### [THE PROBLEM]
Everything from the opening line of the records below up to and including the line containing "オロ、データドリブンなCRM促進により、顧客LTVを最大化" should be retyped exactly, minus the pictures.
------------------------
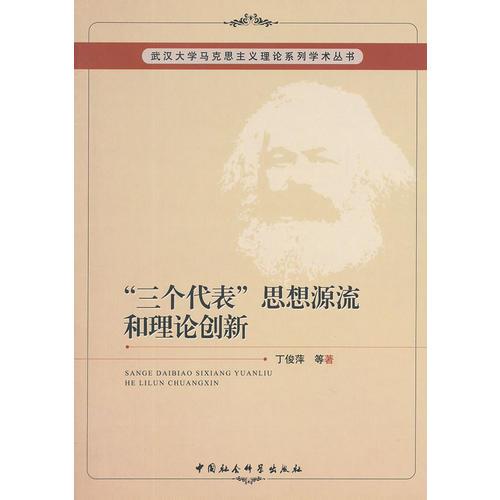 三个代表思想源流和理论创新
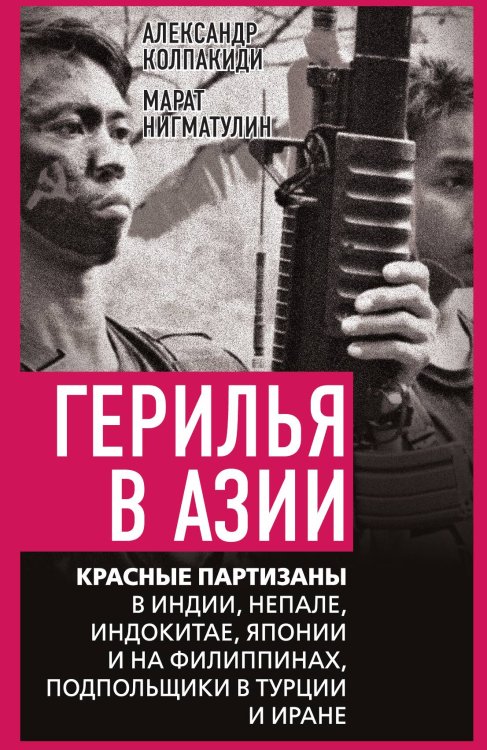 Обложка книги «Герилья в Азии» — Колпакиди А.И.; Нигматулин М.В., ISBN 9785001809463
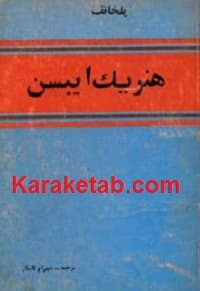 هنریک ايیسن
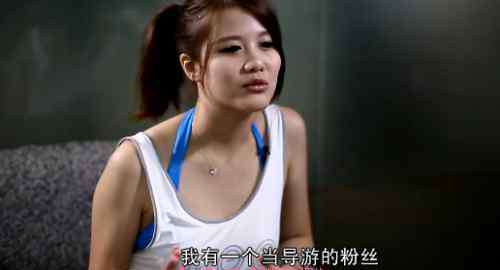 萧小m 萧小m个人资料简历 萧小m美照曝光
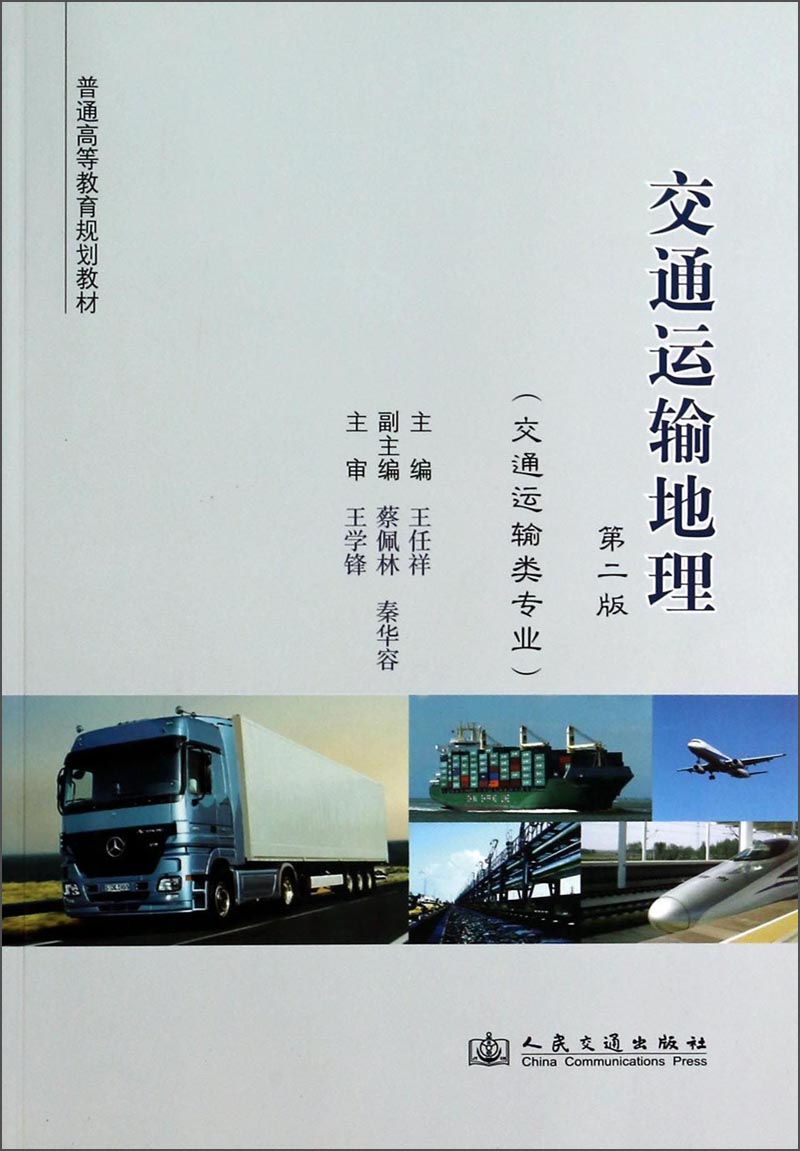 正版现货 交通运输地理 第二版 交通运输类专业(本科教材)
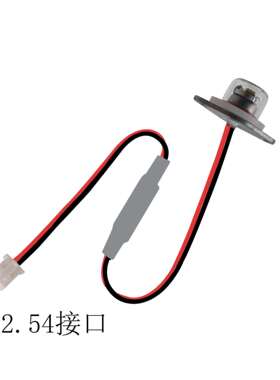 UVC 253.7NM 265NM 273NM 285NM265 LED12V24V静态水杀菌消毒模组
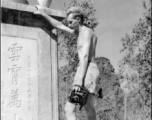 Memorial To Flyers In Liuzhou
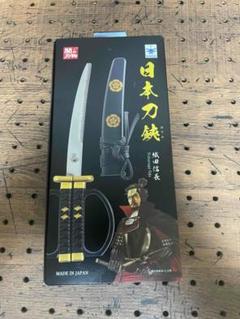 信長愛刀セット「へし切長谷部＆不動行光」新品未開封品 暖簾付き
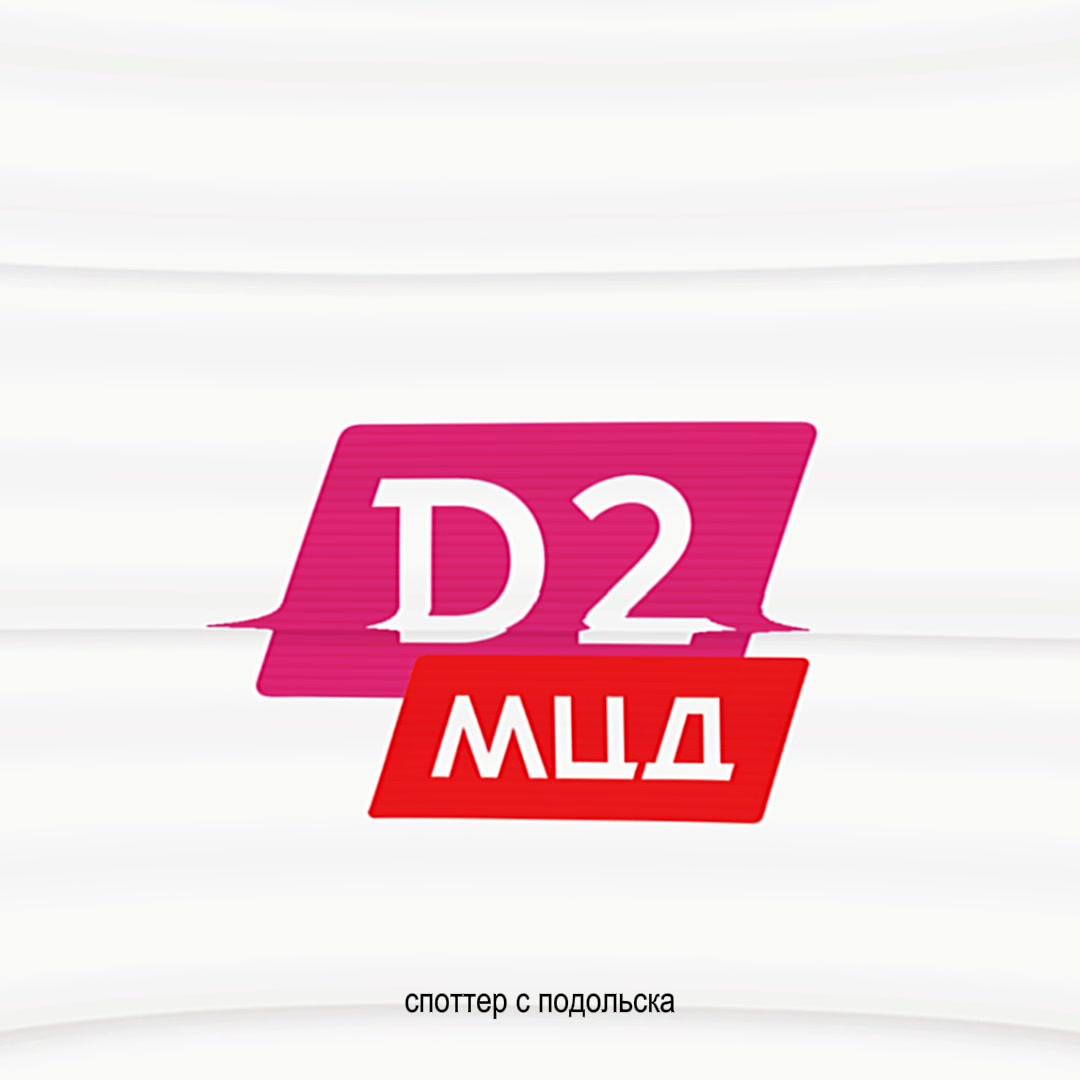 @ᴨодоᴧьᴄᴋий ᴄᴨоᴛᴛᴇᴩ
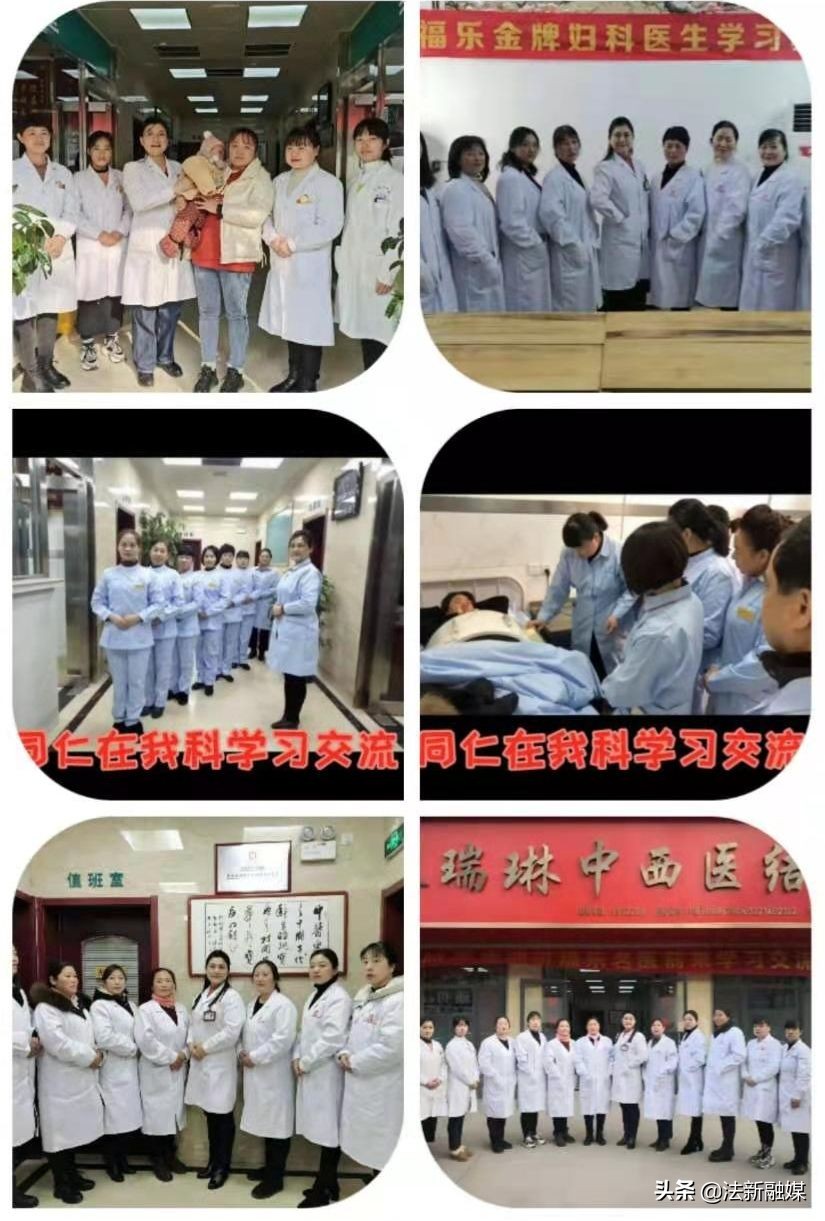 医者仁心大爱无疆——记内黄县政协委员、秦瑞琳中西医诊所秦瑞琳
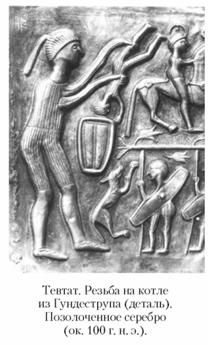 Кирилл Королев - Языческие божества Западной Европы. Энциклопедия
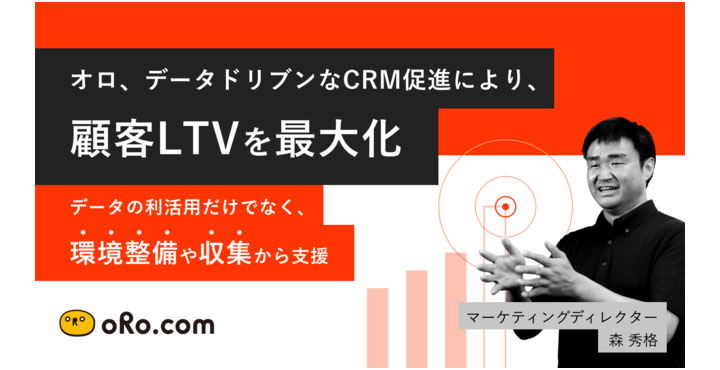 オロ、データドリブンなCRM促進により、顧客LTVを最大化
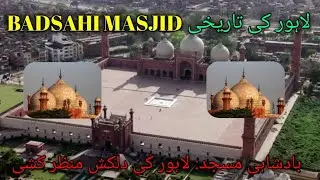 Badshahi Masjid Lahore | Aurangzeb Alamgir Ka Azeem Tohfa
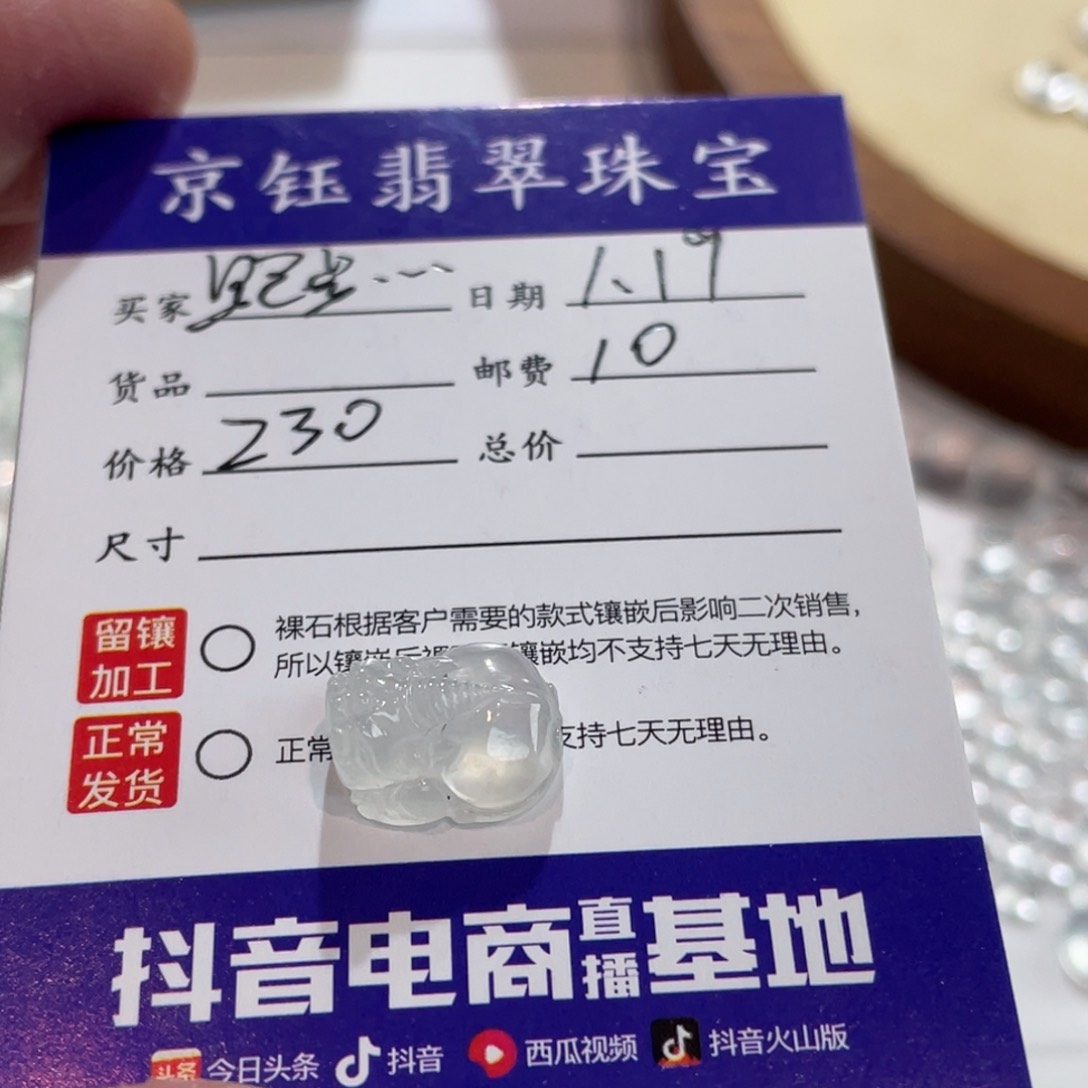 翡翠裸石跑***笋裸石貔貅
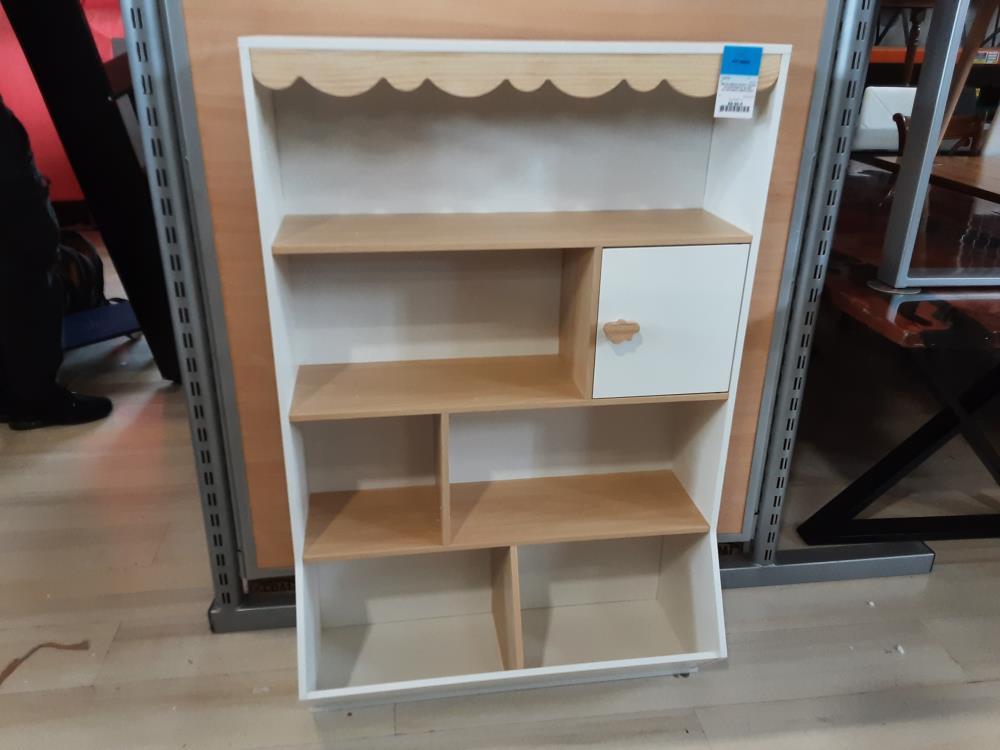 BIBLIOTHÈQUE ENFANT NUAGE COLORIS BOIS ET BLANC (311-081V80WT) 2ÈME CHOIX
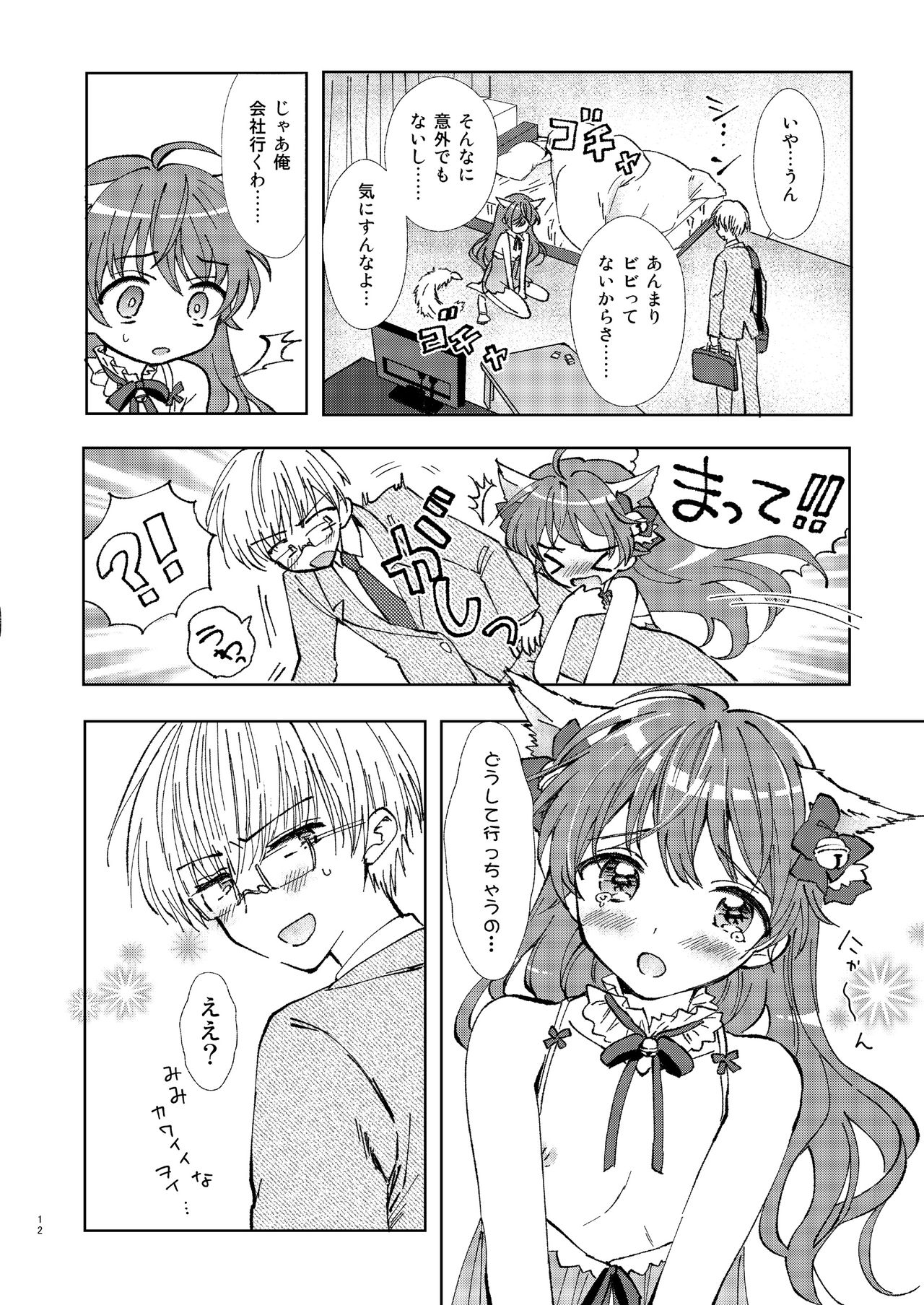 [Rakdo (AQUI)] Hitoriasobi wa Uwaki desu [Digital] page 11 full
------------------------
### [EXERCISE RESULT]
 三个代表思想源流和理论创新
 Обложка книги «Герилья в Азии» — Колпакиди А.И.; Нигматулин М.В., ISBN 9785001809463
 هنریک ايیسن
 萧小m 萧小m个人资料简历 萧小m美照曝光
 正版现货 交通运输地理 第二版 交通运输类专业(本科教材)
 UVC 253.7NM 265NM 273NM 285NM265 LED12V24V静态水杀菌消毒模组
 Memorial To Flyers In Liuzhou
 信長愛刀セット「へし切長谷部＆不動行光」新品未開封品 暖簾付き
 @ᴨодоᴧьᴄᴋий ᴄᴨоᴛᴛᴇᴩ
 医者仁心大爱无疆——记内黄县政协委员、秦瑞琳中西医诊所秦瑞琳
 Кирилл Королев - Языческие божества Западной Европы. Энциклопедия
 オロ、データドリブンなCRM促進により、顧客LTVを最大化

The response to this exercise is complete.